Monday, June 28, 2010

Restructure Life

I decide to restructure my life
because I find that reality of my life is far away from mission I set on the beggining of year...
Im going to run my own race,not going to be affected by others,
because Im talented and Im gifted,

I know,Im different !

This is sooo free,
do not compare yourself to others,
do not feel insecure when people is in front of us in some competition.

I quit, I wont compete, I have my annointing destiny, I go my way now, Emmanuel !

I feel so comfortable with myself right now,
although I feel the world is pushing me down sometimes esspecially some events happened non-stop,
now I feel free, I have my own race,that simple!
Be the best I can be, keeping my head high, walking in confident way!

I receive this message today!
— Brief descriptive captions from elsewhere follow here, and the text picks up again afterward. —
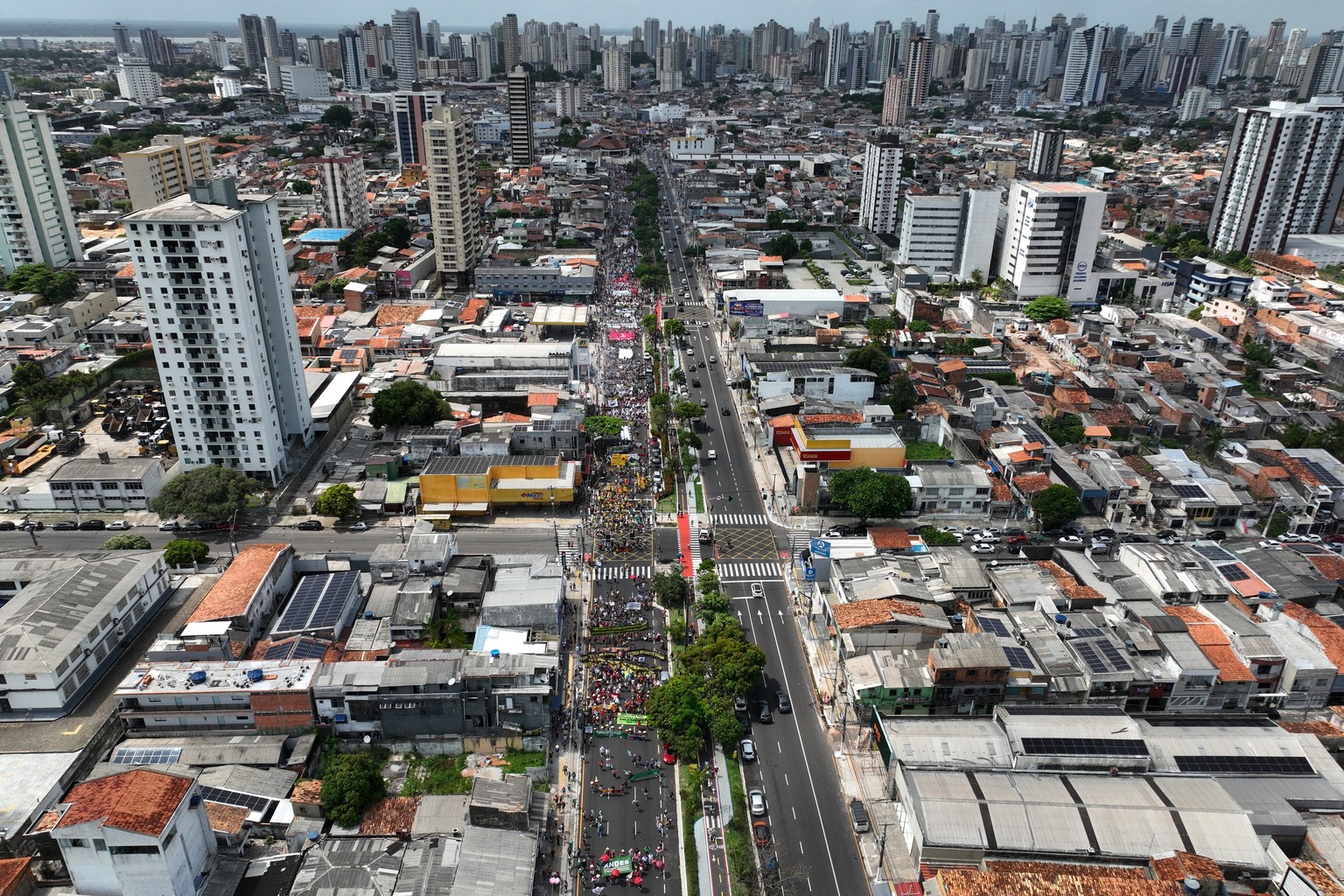Activists participate in a climate protest during the COP30 U.N. Climate Summit, Saturday, Nov. 15, 2025, in Belem, Brazil. (AP Photo/Andre Penner)
Climate COP30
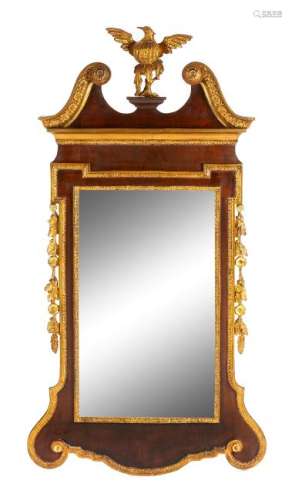 A George III Style Parcel Gilt Mahogany Mirror Height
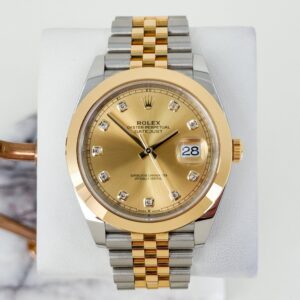 Rolex Datejust 41 Yellow Gold/Steel Champagne Diamond Dial Smooth Bezel Jubilee Bracelet 126303 -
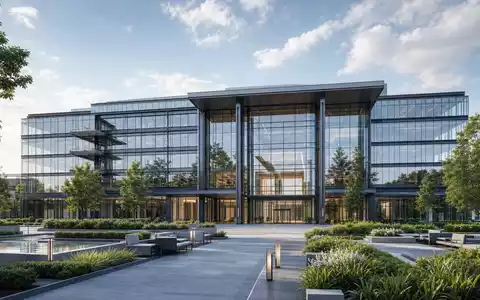 Universal Music Group N.V. (NL0015000L76) zeigt gläserne Firmenzentrale als architektonisches Render mit klaren Linien und - Foto: THN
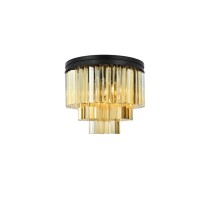 Elegant Lighting 1201F20Mb-Gt-Rc 20 Dia X 16 H In Sydney Flush Mount - Mocha Brown- Royal Cut Golden Teak Crystals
Sooo blessed!

Went to SOS concert at mentakab,
having a prayer and advice seeking section after the concert,
God uses his servants to tell me directly his message,
the guy point out many scriptures that I want to hear,
I just cant stop praising Him,
because God has been revealing a new height in my life that I can achieve.

I have problem in obeying God,
Im not disciplined,but I get encouraged and Im touching when the guy tells me,
"It is not matter about how much effort you put in obeying God, God doesnt want us to follow His commandments in that way,let's feel His love before you obey"
Blessed right?
This is what I want to hear in this time,
I focus too much on others and lose the most important aspect in my spiritual life,
God's love.

Just because He loves me,then only I love God wholeheartedly,
it is an useless love without feeling His love.

... ... ... ....

Remember last week how the arrangement of God surprise me,
I wonder His arrangement,I lost my patience,
I do not know how my college life is going to continue in this way,
but His arrangement is revealed by a blessed sentence I read in an article,
"He can turn inconveniences into opportunities"

I realize that now, this is really an advantage for me in this time,
the right time, the right opportunities come, the wrong people leave and the right people enter my life,
this is sooo blessed,
no need to figure it out until it reveal by itself!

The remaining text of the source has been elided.